Al di là dei diretti interessati, la guerra FIA-Liberty vede una grande parte del paddock nelle vesti di spettatore molto interessato ma di fatto impotente. Saltuariamente riemerge l’ipotesi di una scissione, l’antico progetto GP1, di fatto il termometro delle relazioni tra la Federazione e il detentore dei diritti. Quando il rapporto è critico riemerge sempre questa idea, quando viene accantonata vuol dire che le relazioni sono buone. È una minaccia sventolata da chi è consapevole che si tratta di un progetto irrealizzabile. Se la Formula 1 è sopravvissuta per 74 anni vuol dire che tutto sommato l’equilibrio funziona, pur tra alti e bassi.
L’idea di una gestione senza una controparte vivrebbe un’euforia iniziale per poi sciogliersi alle prime difficoltà. Serve mediazione, ed è questo il campo sul quale la FIA di Ben Sulayem sembra avere i suoi limiti maggiori.
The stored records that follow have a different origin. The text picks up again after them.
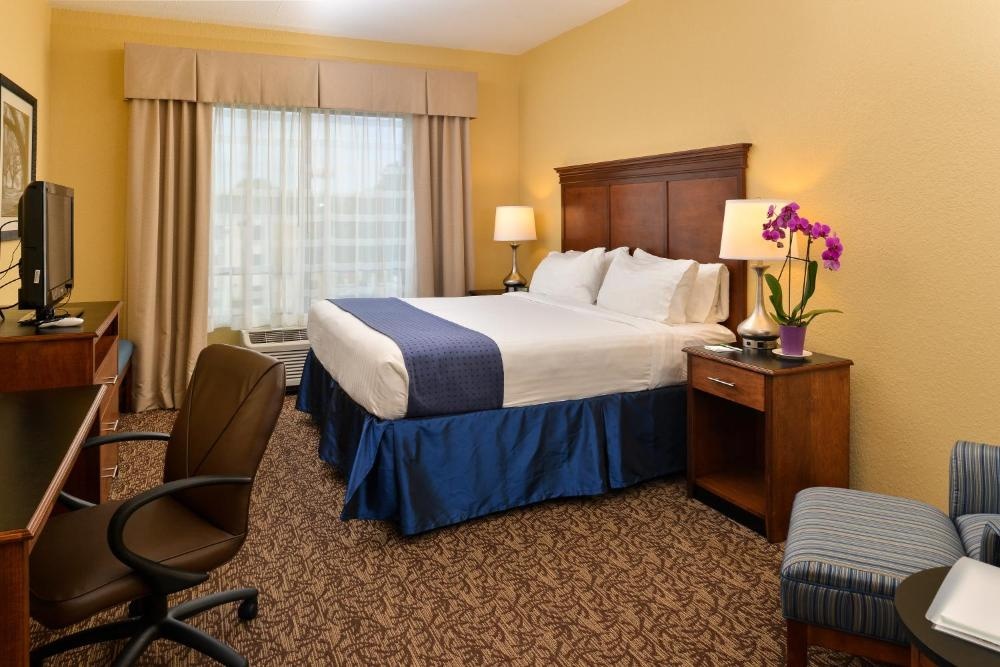 Holiday Inn Montgomery South Airport Image 13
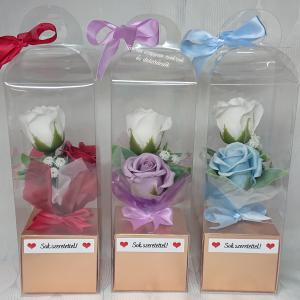 Sok szeretettel! 2 szálas szappanrózsa csokor díszdobozban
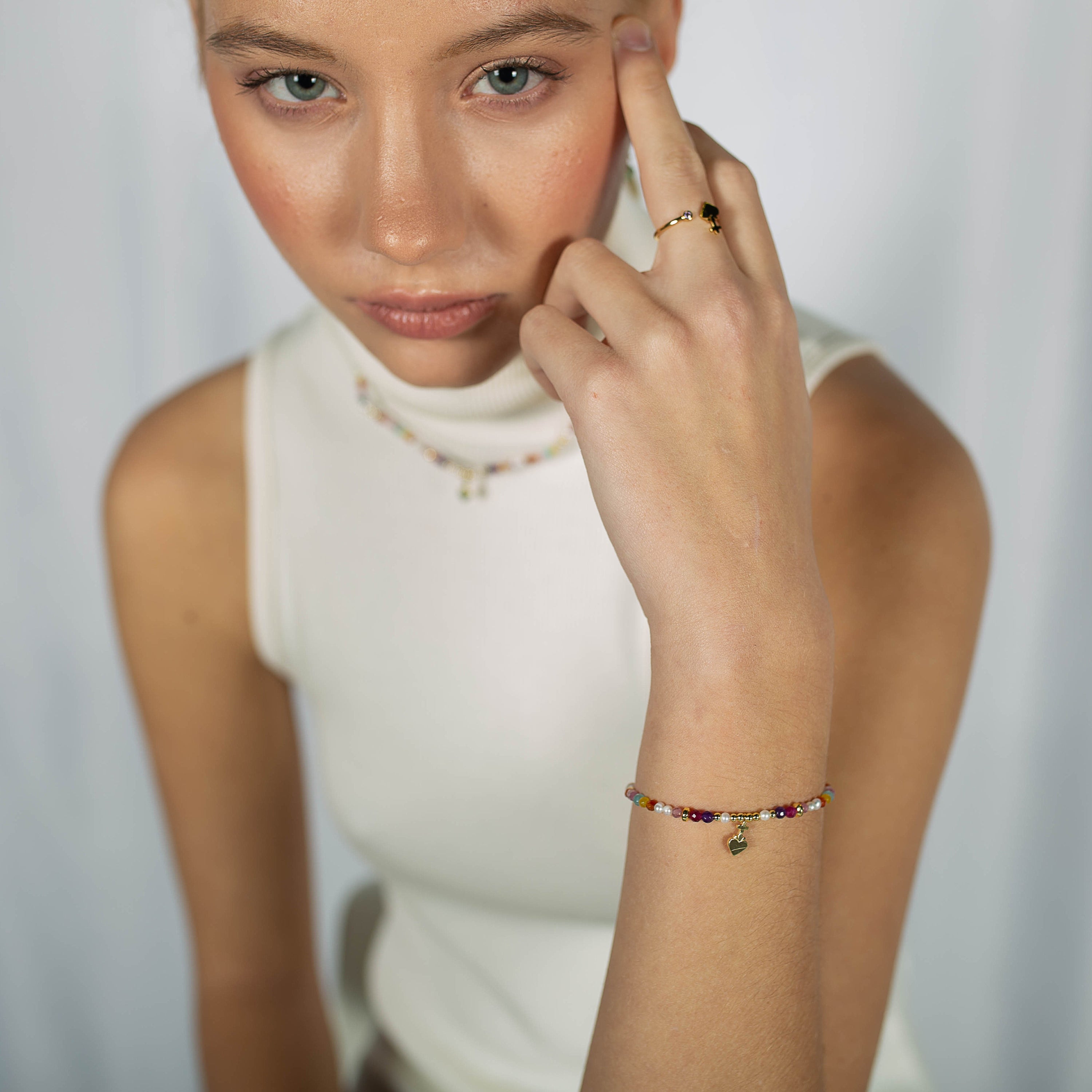 Pulsera de Aleación de Metal y Cristal Multicolor acabado en oro amarillo de 18k - Nymox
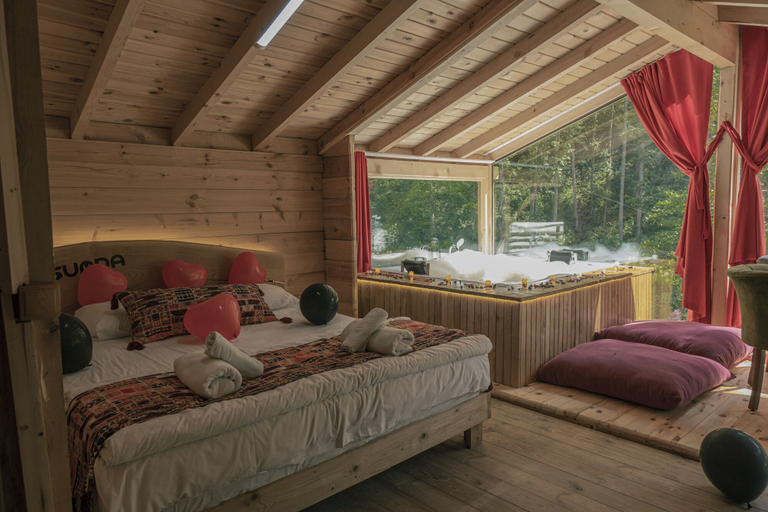 Bedroom 2, SUMDA KONAKLAR, Çamlıhemşin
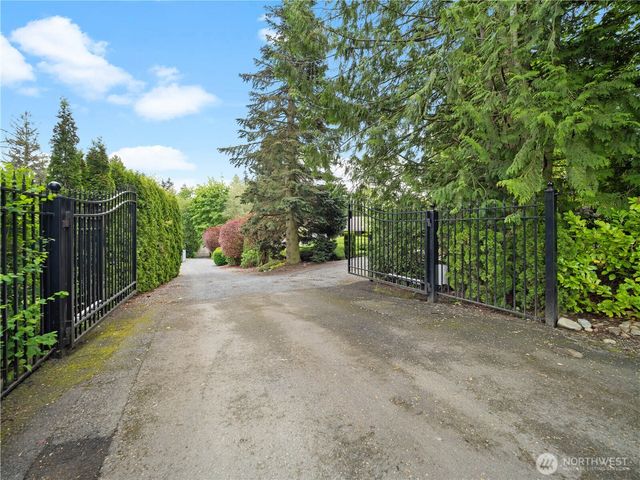 43810 244th Avenue SE, Enumclaw, WA 98022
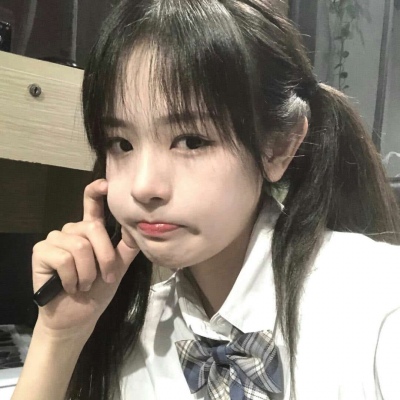 qq女生头像一男一女背图片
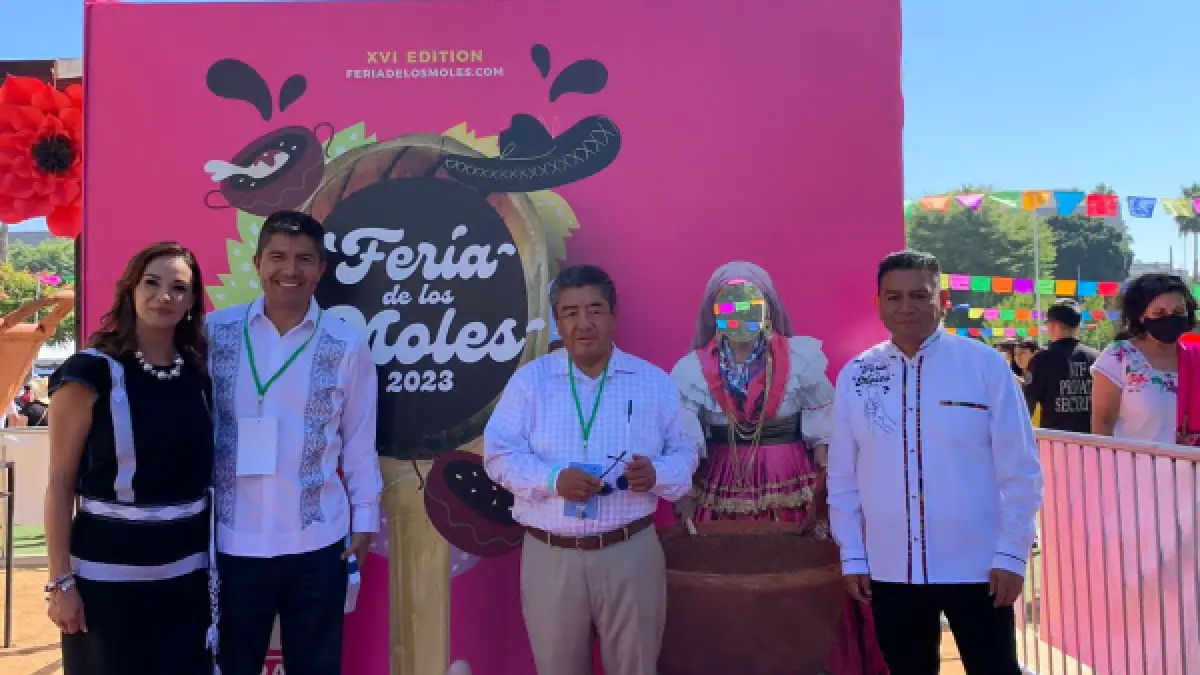 Puebla capital presente en la Feria de los Moles en Los Ángeles California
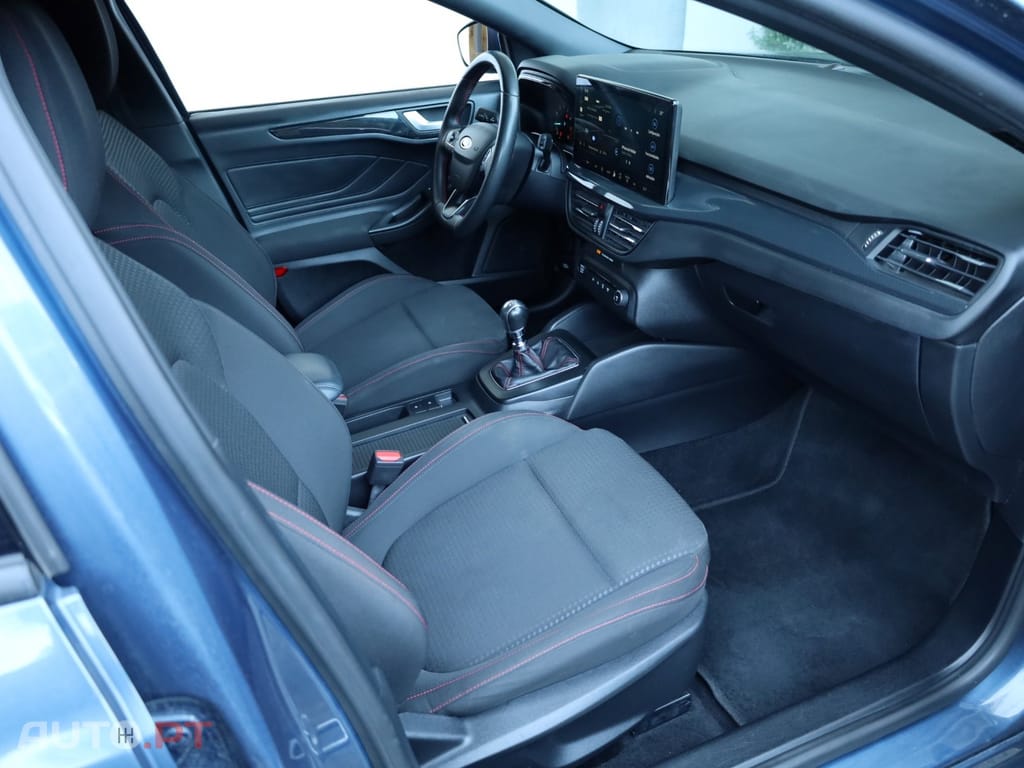 Ford Focus SW 1.0 EcoBoost MHEV ST-Line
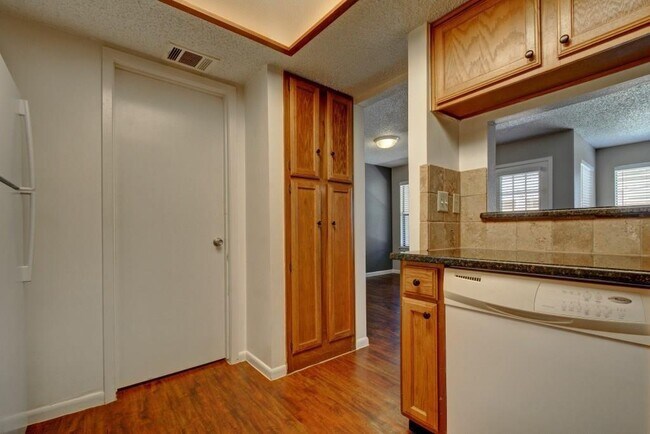 Building Photo - 9204 Sedgemoor Trail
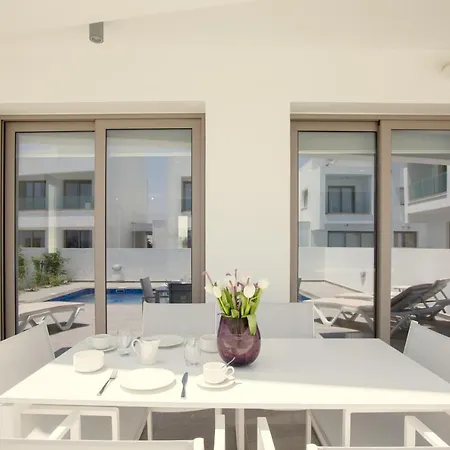 Palm Tree Villas * Livadhia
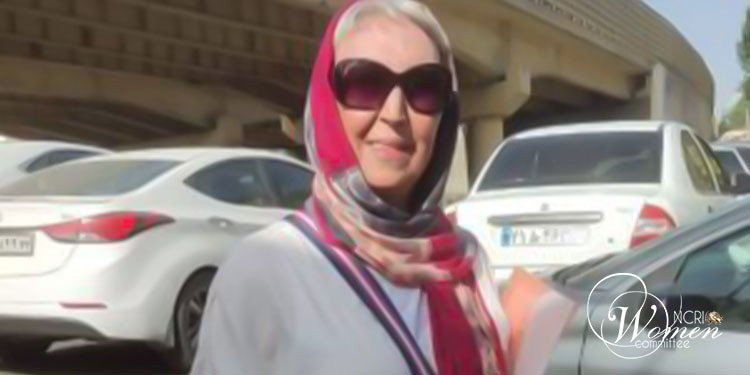 Nasrin Javadi se rend à la prison d'Evin pour purger sa peine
È vero che la Formula 1 è una categoria FIA, ma è anche vero che la FIA senza i fondi che riceve annualmente dalla Formula 1 sarebbe costretta a chiudere i battenti, o a un profondo ridimensionamento che di fatto la snaturerebbe. Le due parti sono costrette a convivere, e se non troveranno il modo di farlo saranno gli attori protagonisti della vicenda a rimetterci di più. Il sistema si garantirà una nuova possibilità con volti nuovi attorno al tavolo.